These kinds of minute-to-minute, point-to-point changes in my perspective on players are pretty common for me, and I’m guessing one of the reasons that most tennis fans can keep watching the same pros face off against the same opponents on the same courts year after year. It isn’t just the points and the matches that are different, but our feelings on any given day about the performers themselves. I’m not a full-time fan of many of the pros, or a non-stop hater of too many, either—few people are all good or all evil, right?

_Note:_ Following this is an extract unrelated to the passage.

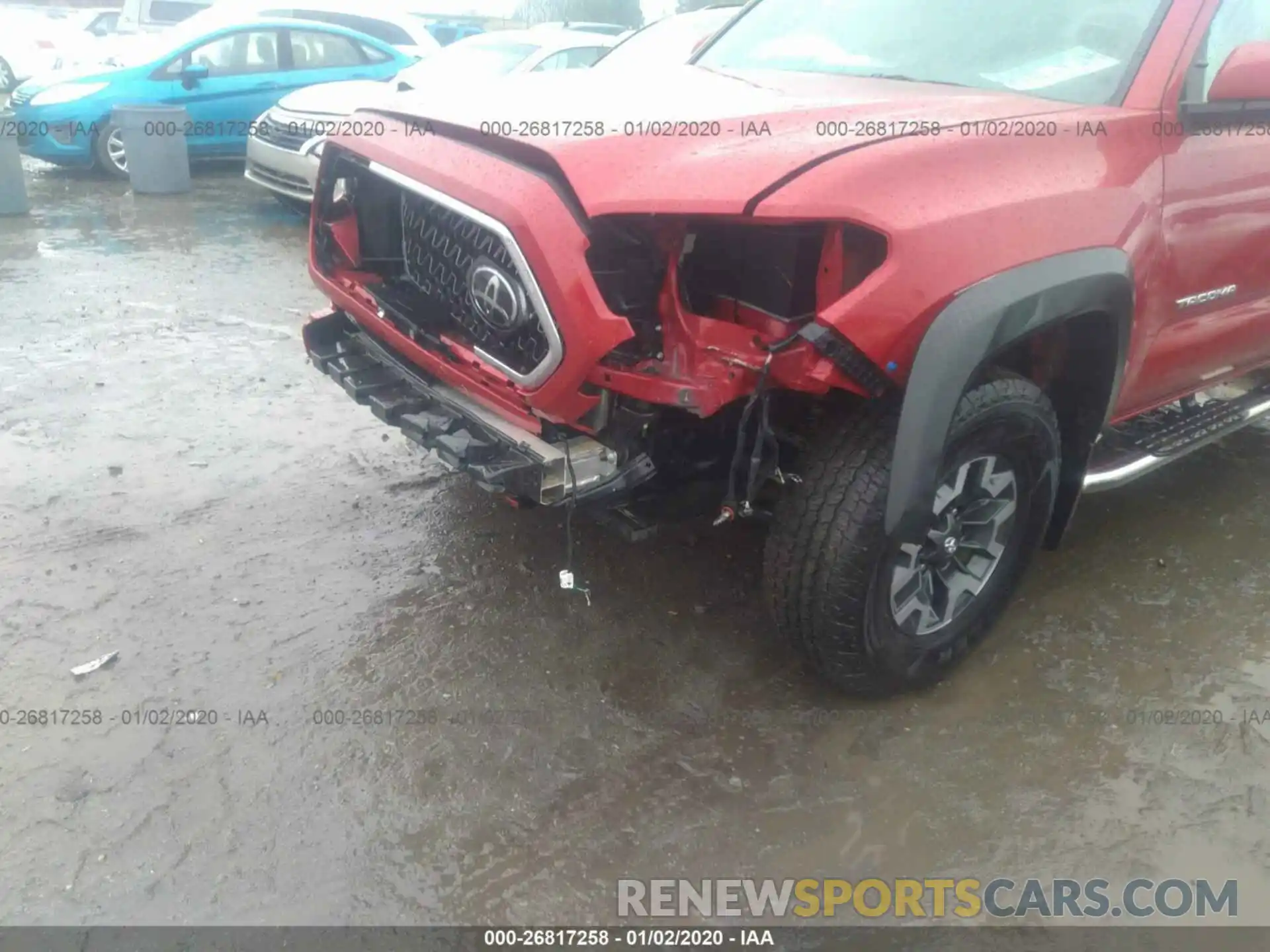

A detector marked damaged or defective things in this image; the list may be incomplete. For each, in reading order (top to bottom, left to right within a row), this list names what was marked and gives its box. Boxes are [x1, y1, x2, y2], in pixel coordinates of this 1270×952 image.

I got onto this line of thought on Wednesday morning seeing Rafael Nadal open his clay season in Monte Carlo with his latest new look from Nike, a blue shirt to go with the now standard knee-length Bermuda-style shorts. Last week I’d watched a very different-looking Rafa beating Roger Federer at the same tournament a few years ago. This was the Rafa of the bicep, the pirata, the long, grungy hair, the dark stubble, and the louder grunt. Compared to the bright, sleeved version we saw today, the old Nadal had a menacing countenance. I’d liked the old Rafa back then, had never thought of him as an intimidating character, but now I could undertand how some might have seen him that way. Like Federer, he’s been styled for celebrity. All of their early grunge has been buzzed away. The old Rafa from that clip was obviously the same person we see now. The strokes and the mannerisms haven't been transformed. But at the same time it was a completely different Nadal, one frozen in that moment forever, a moment before he reached No. 1, when he was still the challenger to Federer’s champion, when he was still fighting upward and not yet defending his place on the totem pole or in the world. That Rafa no longer exists. The evolution of our athletes shows us, as much as anything shows us, that time, even in the course of just a few years, keeps discarding us and making us new.

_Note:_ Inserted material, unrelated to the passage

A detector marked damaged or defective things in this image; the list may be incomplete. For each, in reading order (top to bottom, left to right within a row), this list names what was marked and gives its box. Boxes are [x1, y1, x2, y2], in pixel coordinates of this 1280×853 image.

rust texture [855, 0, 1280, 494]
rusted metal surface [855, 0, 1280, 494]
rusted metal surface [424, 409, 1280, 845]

What has time done to my perception of the other guys I’ve seen at Monte Carlo this week so far?

Novak Djokovic: I tuned in this morning just as he was going through his inevitable second-set doubt session against Florent Serra. The jaw was out and the mouth was a little open. I was ready for him to stick the tongue into the cheek, but it never quite got there. I realized then that where I once saw the cockiness in Djokovic, now all I saw was the vulnerability that shadows him every step that he takes. I’m less in awe of his game, but more entertained by his personality. Because of that, I look forward to his matches, even if I don’t always love to watch him hit tennis balls. Will this be the final stage of my relationship with Djokovic? How could it? I look forward to a long and hopefully unpredictable future with this comically engaging athlete. Right now, he’s as transparently human as they get.

Tomas Berdych: This may be the most pleasant surprise of my 2010 tennis-watching season—a chance to dig Tomas Berdych’s game. Is it the cool green checked shirt? Is it the ground strokes that are finding the court? Or is it the little bit of positive energy, the new assured spring in his step that I’m enjoying? Where Djokovic has been more entertaining as his results have become more up and down, Berdych is showing signs of being a more engaging person as his results improve. In the past, he had the stony, recessive quality of someone who didn’t want to give it all emotionally, because he knew he'd blow it in the end anyway. That only made the focused aggressiveness with which he went after Richard Gasquet on Tuesday more energizing. We love winners in part because they love themselves so much more; like rich people, we admire them deep down for doing and feeling what we secretly believe we should be doing and feeling all the time, for showing us excellence and freedom and triumph. Until they win too much and love themselves too much. But that day is a long way off for Berdych.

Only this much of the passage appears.